The oil industry has produced many billion-dollar fortunes, from H.L. Hunt, who rose to fame in the 1930s, to Harold Hamm, who led the innovations in shale that began in the 2000s. But while most were made from striking oil, the new game in town is land. Sellers and Campbell began as land men, specialists in buying and quickly selling drilling rights, which, in Texas, are all privately owned.

“You can have the best drilling engineer, the best geologist, the best of everything, but if you don’t own an oil and gas lease you can’t drill a well,” Campbell said, wearing a polo shirt, jeans and cowboy boots and sipping whiskey on the rocks. “The land man was always looked down upon because he wasn’t a scientist. Not anymore.”

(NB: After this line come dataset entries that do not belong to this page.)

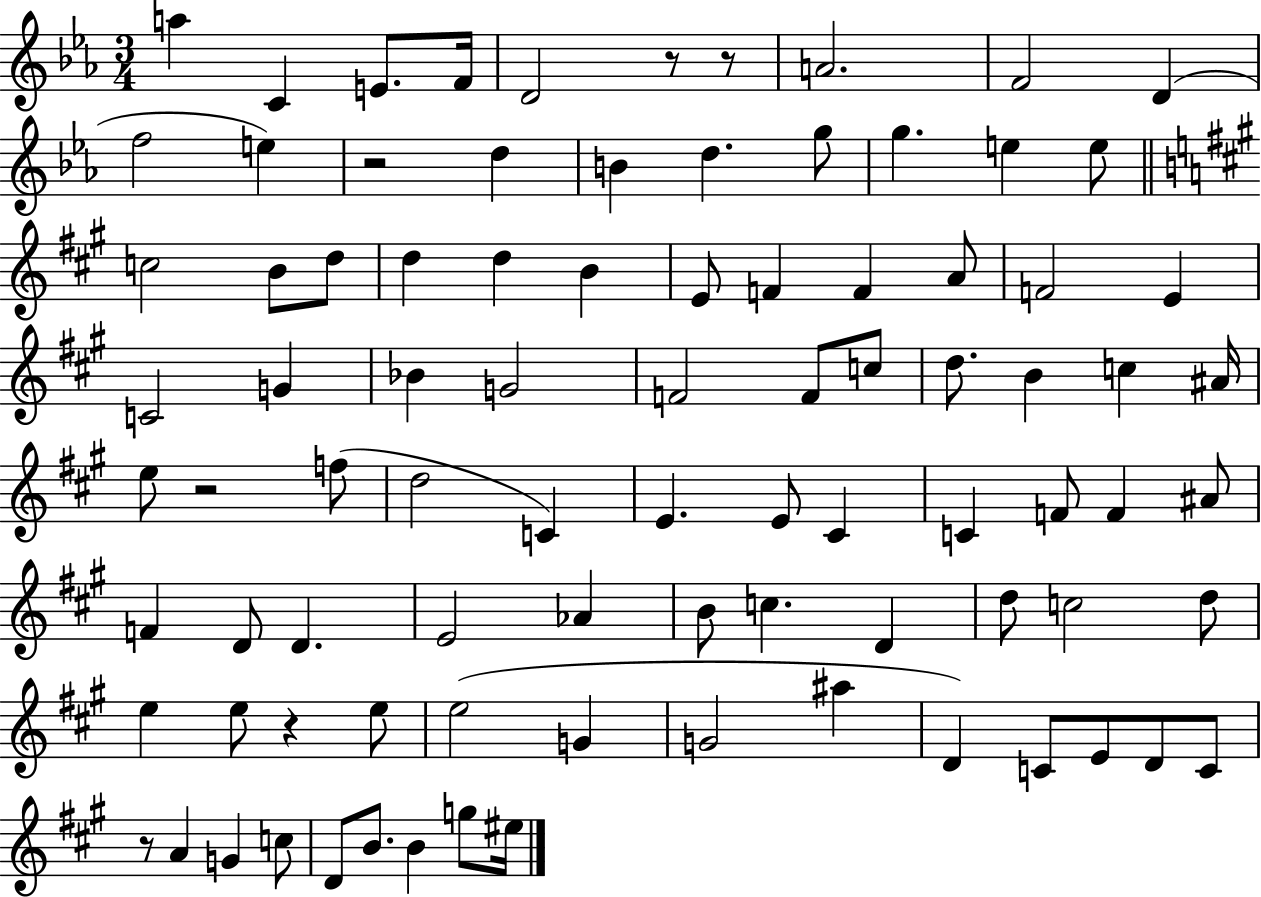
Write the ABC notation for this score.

X:1
T:Untitled
M:3/4
L:1/4
K:Eb
a C E/2 F/4 D2 z/2 z/2 A2 F2 D f2 e z2 d B d g/2 g e e/2 c2 B/2 d/2 d d B E/2 F F A/2 F2 E C2 G _B G2 F2 F/2 c/2 d/2 B c ^A/4 e/2 z2 f/2 d2 C E E/2 ^C C F/2 F ^A/2 F D/2 D E2 _A B/2 c D d/2 c2 d/2 e e/2 z e/2 e2 G G2 ^a D C/2 E/2 D/2 C/2 z/2 A G c/2 D/2 B/2 B g/2 ^e/4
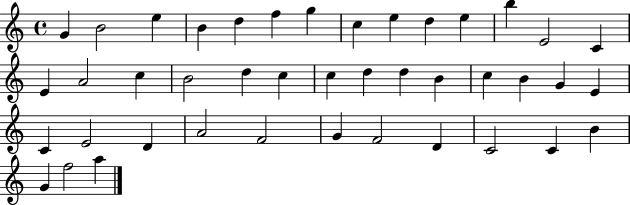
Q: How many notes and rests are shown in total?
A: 42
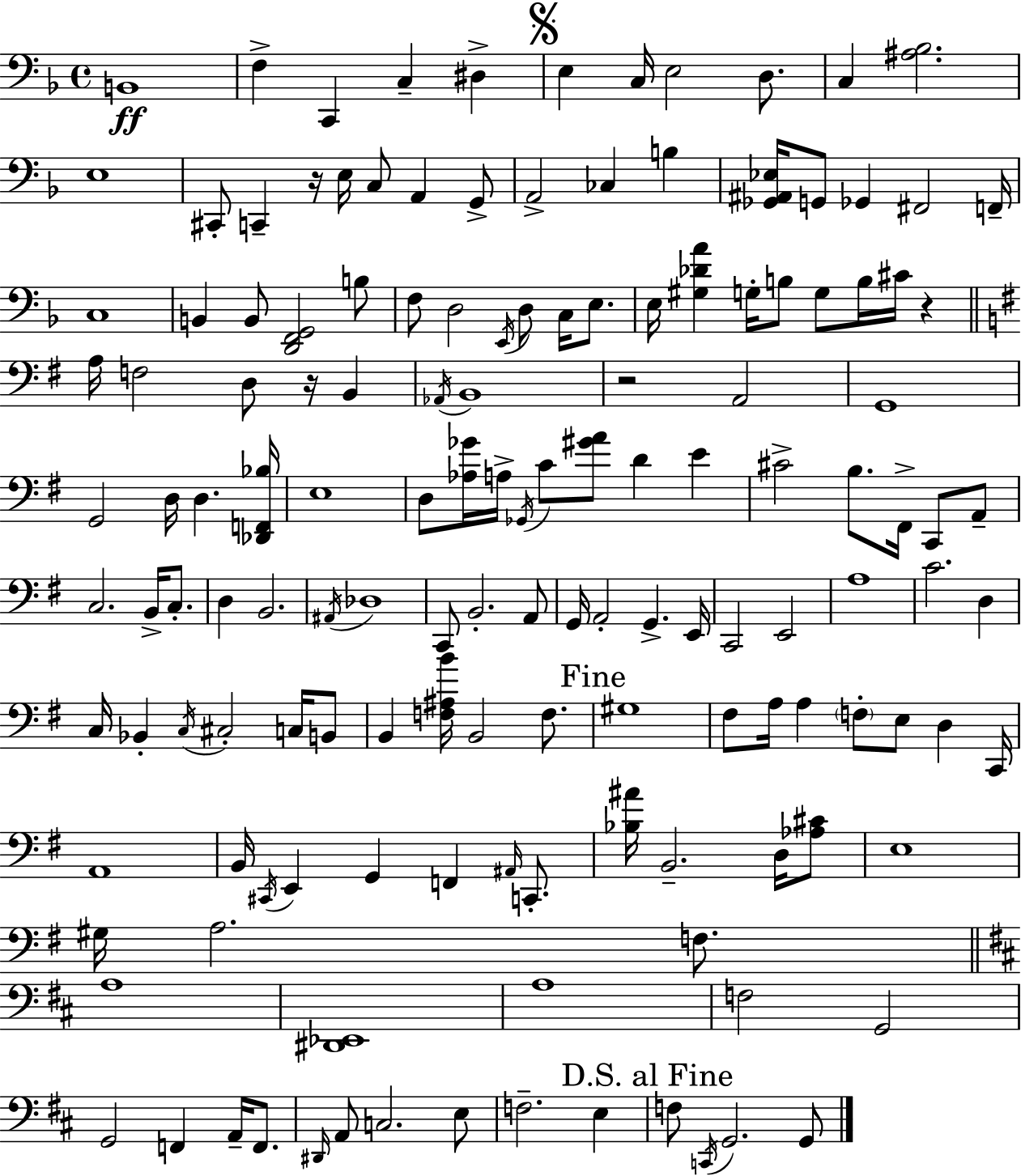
B2/w F3/q C2/q C3/q D#3/q E3/q C3/s E3/h D3/e. C3/q [A#3,Bb3]/h. E3/w C#2/e C2/q R/s E3/s C3/e A2/q G2/e A2/h CES3/q B3/q [Gb2,A#2,Eb3]/s G2/e Gb2/q F#2/h F2/s C3/w B2/q B2/e [D2,F2,G2]/h B3/e F3/e D3/h E2/s D3/e C3/s E3/e. E3/s [G#3,Db4,A4]/q G3/s B3/e G3/e B3/s C#4/s R/q A3/s F3/h D3/e R/s B2/q Ab2/s B2/w R/h A2/h G2/w G2/h D3/s D3/q. [Db2,F2,Bb3]/s E3/w D3/e [Ab3,Gb4]/s A3/s Gb2/s C4/e [G#4,A4]/e D4/q E4/q C#4/h B3/e. F#2/s C2/e A2/e C3/h. B2/s C3/e. D3/q B2/h. A#2/s Db3/w C2/e B2/h. A2/e G2/s A2/h G2/q. E2/s C2/h E2/h A3/w C4/h. D3/q C3/s Bb2/q C3/s C#3/h C3/s B2/e B2/q [F3,A#3,B4]/s B2/h F3/e. G#3/w F#3/e A3/s A3/q F3/e E3/e D3/q C2/s A2/w B2/s C#2/s E2/q G2/q F2/q A#2/s C2/e. [Bb3,A#4]/s B2/h. D3/s [Ab3,C#4]/e E3/w G#3/s A3/h. F3/e. A3/w [D#2,Eb2]/w A3/w F3/h G2/h G2/h F2/q A2/s F2/e. D#2/s A2/e C3/h. E3/e F3/h. E3/q F3/e C2/s G2/h. G2/e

They’re not alone. Dozens of young entrepreneurs, mostly in their 30s, are running private-equity-backed companies in the frenzied boom in West Texas and New Mexico that may each be worth billions of dollars.

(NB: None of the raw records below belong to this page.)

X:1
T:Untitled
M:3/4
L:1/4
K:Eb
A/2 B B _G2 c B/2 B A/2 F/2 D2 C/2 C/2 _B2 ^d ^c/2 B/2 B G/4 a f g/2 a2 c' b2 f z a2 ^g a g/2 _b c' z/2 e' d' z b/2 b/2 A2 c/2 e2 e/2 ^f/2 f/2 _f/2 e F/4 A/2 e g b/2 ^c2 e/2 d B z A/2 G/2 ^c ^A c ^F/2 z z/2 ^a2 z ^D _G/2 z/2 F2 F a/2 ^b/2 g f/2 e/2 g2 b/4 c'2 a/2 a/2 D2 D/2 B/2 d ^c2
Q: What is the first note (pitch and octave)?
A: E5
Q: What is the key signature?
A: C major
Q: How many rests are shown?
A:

Whether they realize that kind of cash will depend, of course, on the vagaries of the shale industry, where consistent profits remain elusive. Rising costs and pipeline shortages have put the breaks on growth this year. And like any property boom, an early entry can make a career while being late can break one. Many of the young men admire the late Aubrey McClendon, the founder of Chesapeake Energy Corp., who became a billionaire leasing land for natural gas drilling in the 2000s. But he’s a cautionary tale: He was ousted after he had borrowed heavily betting on rising gas prices that never came.

The young upstarts are unperturbed by all that. With larger rivals continuing to bulk up — $30 billion in deals have been announced in just the past six months — they see themselves as prime takeover targets, and they’re angling for that big payday.

Sellers and Campbell have been friends since their days in junior high school just south of Amarillo. They played football together, first in high school and then at Texas Tech University. Sellers was a defensive lineman and Campbell an offensive lineman who’d go on to have a brief NFL career before a pectoral injury drove him out of the game.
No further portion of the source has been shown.